During your marriage you live as if you are out of community of property, it is only on dissolution (death or divorce) that you share the growth in your estates.

Certain assets are excluded from the accrual calculation (they are not taken into consideration at either the commencement of the marriage or the dissolution).
Such as:

  • inheritances, legacies and donations
  • assets specifically excluded by the antenuptial Agreement itself
  • damages received, other than damages for patrimonial loss;
  • donations between spouses, excluding donations which are made in expectation of death.

Pros:

  • Fair and equitable system as each spouse effectively shares in the increase in the assets accumulated during the marriage.
  • Protected from the creditors of the other.
  • Each spouse exercises full control over their own estate
  • During the subsistence of the marriage, the position is the same as if married out of community of property, but when the marriage dissolves each spouse shares equally in the profit and losses made during the marriage

Cons:

  • Accrual calculation at the dissolution of the marriage can be somewhat technical and complicated, especially if the antenuptial contract is a complex one.

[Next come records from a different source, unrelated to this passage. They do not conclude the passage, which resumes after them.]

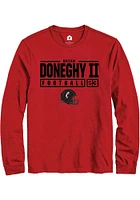 Brian Doneghy II Cincinnati Bearcats Rally NIL Stacked Box Long Sleeve T Shirt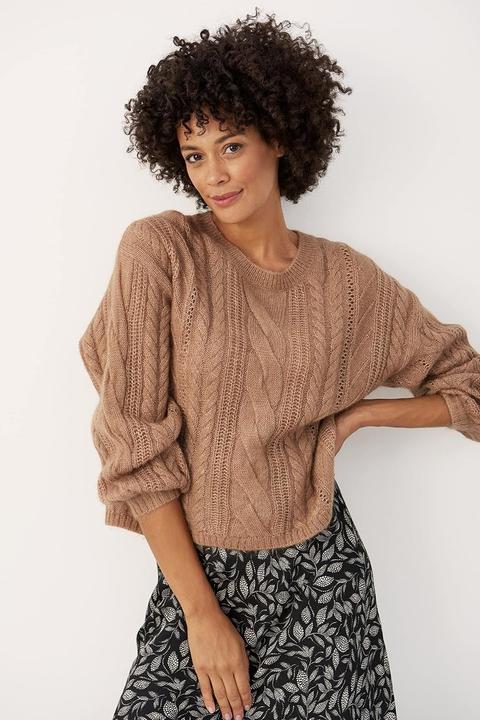 Actual product image Part Two Relaxed Fit Pullover with Long Sleeves (L)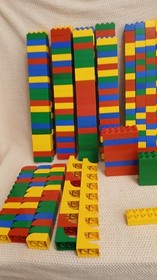 Vintage  Lego Duplo Bricks 569 Pieces, Size Details In Description Read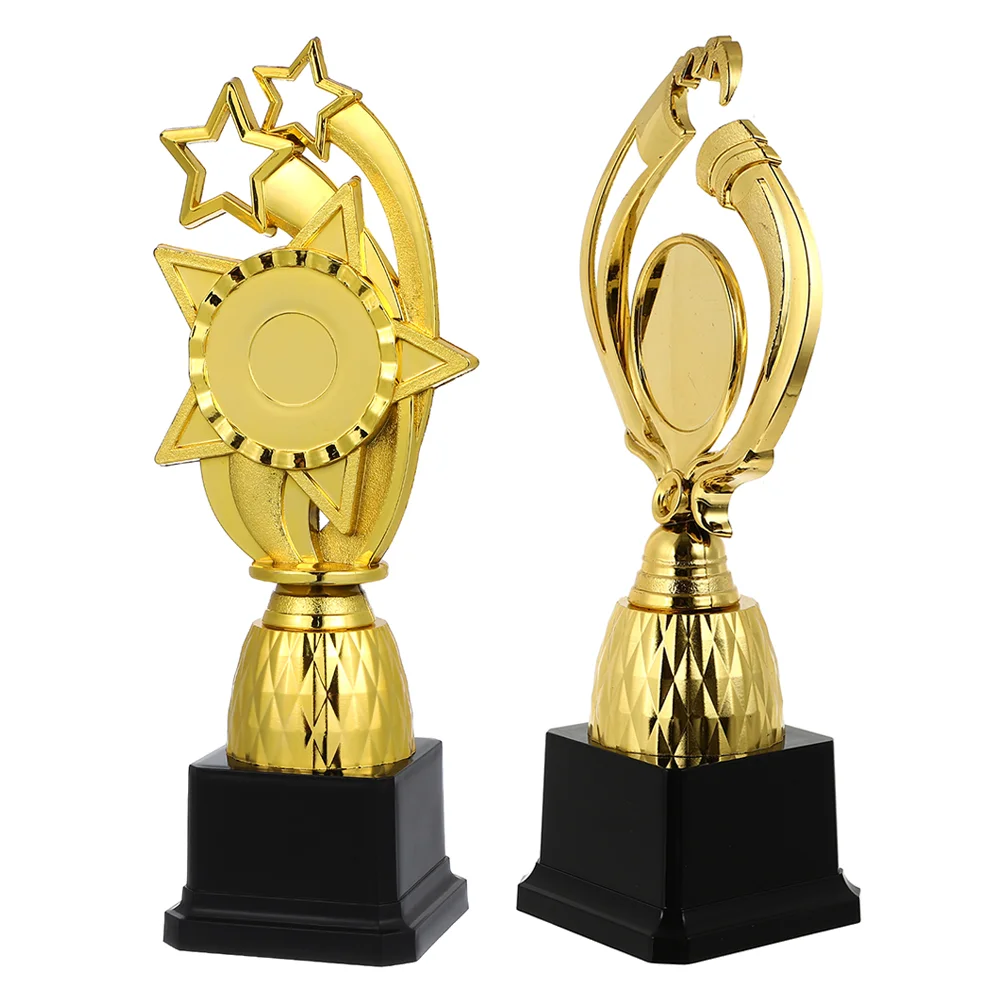 2 Pcs The Gift Plastic Trophy Winner Competition Award for School Model Kindergarten Party Cup Child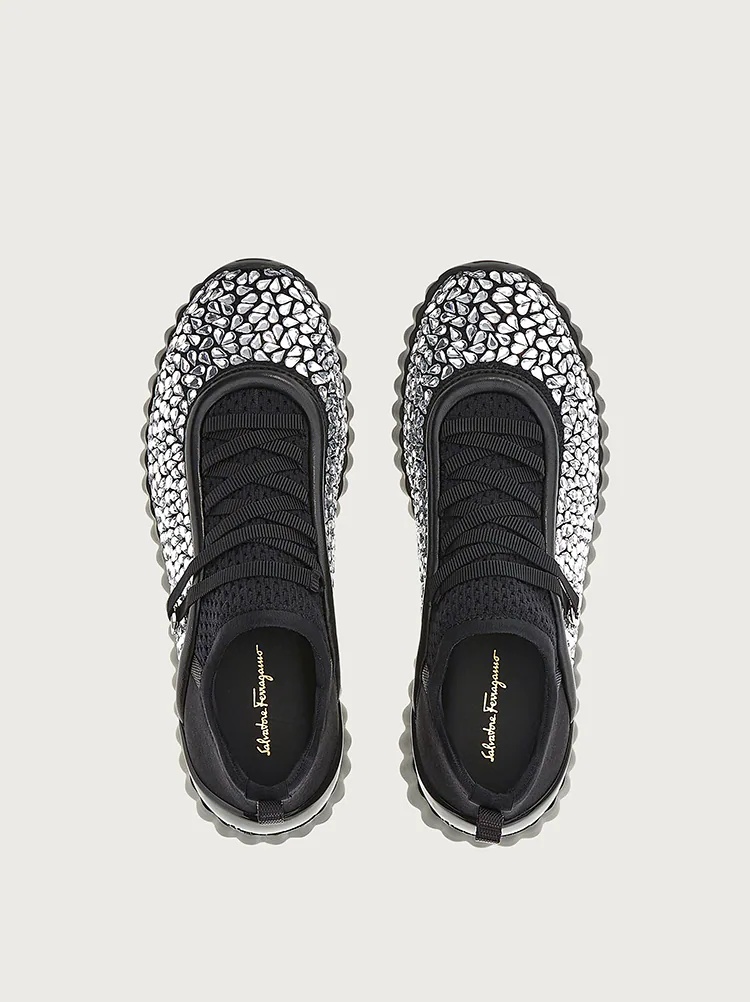 SLIP ON SNEAKER WITH CRYSTALS - 2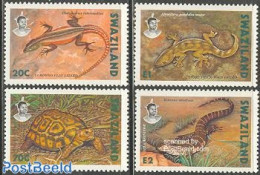 Eswatini/Swaziland 1992 Reptiles 4v, Mint NH, Nature - Reptiles - Turtles - Swaziland (1968-...)
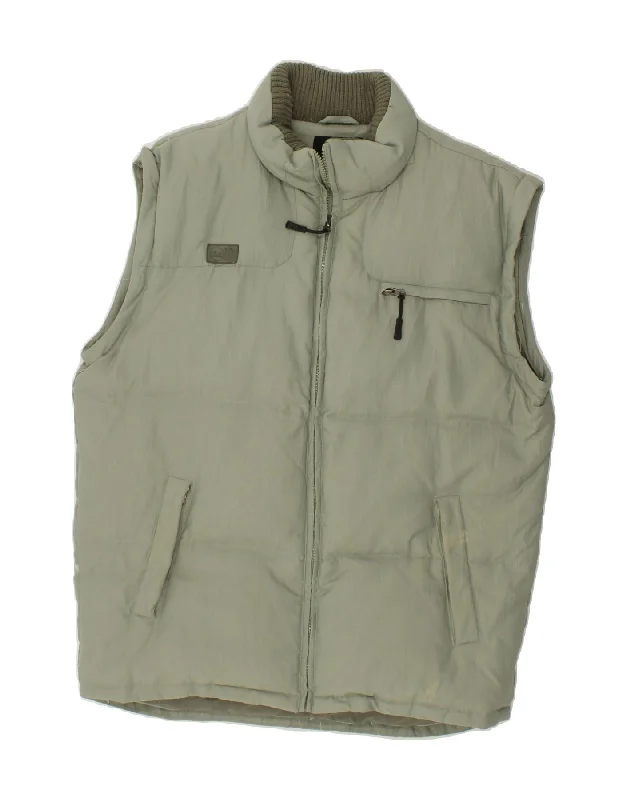 Stylish Men's Biker JacketsFILA Mens Padded Gilet UK 40 Large Green Polyamide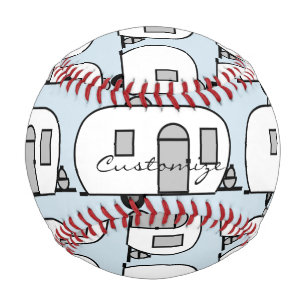 Customized Rounded Caravan Chez Trailer Baseball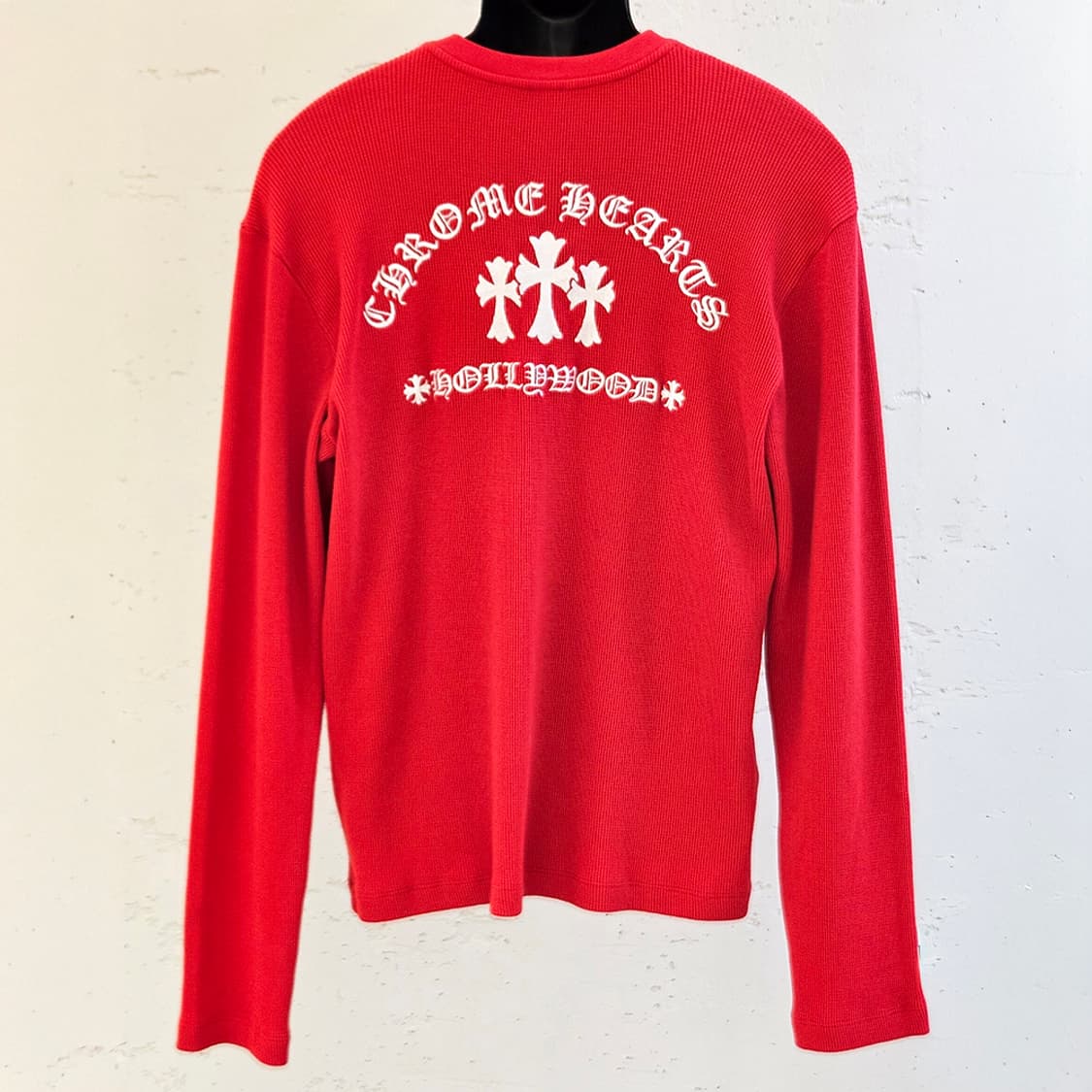 [L] 크롬하츠 와플 헨리넥 레드 B1213C122 상품이미지1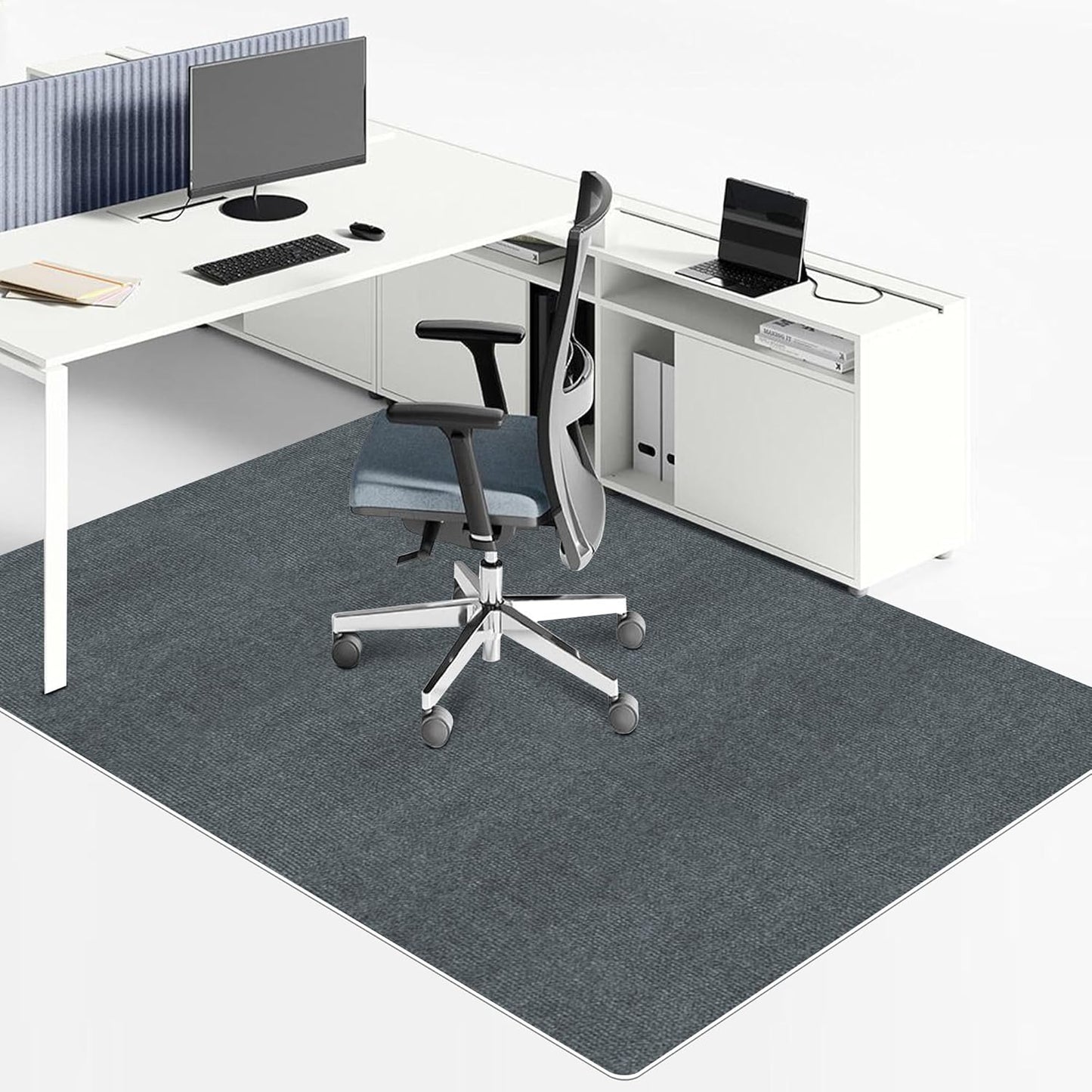 QEHEPA Dark Grey Floor Mat: Anti-Slip Protection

Out of community of property without accrual

This means that each spouse keeps their own assets and debts separate, even after getting married. Unlike the community of property regime or the “with accrual” option, there is no provision for sharing in the growth of the couple’s combined wealth during the marriage. This means that whatever assets and debts each spouse had before the marriage, as well as any acquired during the marriage, remain individually owned. In the event of a divorce or the death of one spouse, the assets and debts will not be shared equally. Each spouse retains
ownership of what they had before the marriage and what they acquired individually during the marriage. This regime provides a higher level of separation and protection for each partner’s personal assets and financial independence.

Pros:

  • Each spouse exercises full control over their own estate
  • Creditors have no recourse against the estate of the other spouse
  • Full freedom of testation.
  • Simple and straightforward

Cons:

  • Particularly disadvantageous to a spouse who contributes to the household in other ways, such as choosing to stay at home to raise children or one who does not have the same earning potential

FAQ

When do we need to sign an Antenuptial contract?

It is crucial to sign the antenuptial contract BEFORE you get married. If you don’t, you will be married in community of property.
Your attorney must lodge it at the Deeds office within three months of signature.

Does accrual have to be split 50/50?

No, you can stipulate a different sharing split – such as 60/40 etc

What is a net commencement value?

This is the amount that you are worth at the start of the marriage. To calculate this, subtract the total amount of your debts from the total amount of your assets. The remainder is your nett commencement value.

NB: Assets being excluded from the accrual do not form part of your commencement value.

Can we amend our Antenuptial contract?

Yes, but only BEFORE marriage. If you want to amend it afterwards you have to make an application to the High Court which is a costly process.

How is accrual calculated?

To put it simply:
The commencement value of your estates is adjusted to make provision for inflation.
The value of the estate upon dissolution of the marriage is calculated.
The commencement value is subtracted from the dissolution value. This will give you the amount by which the estates have grown.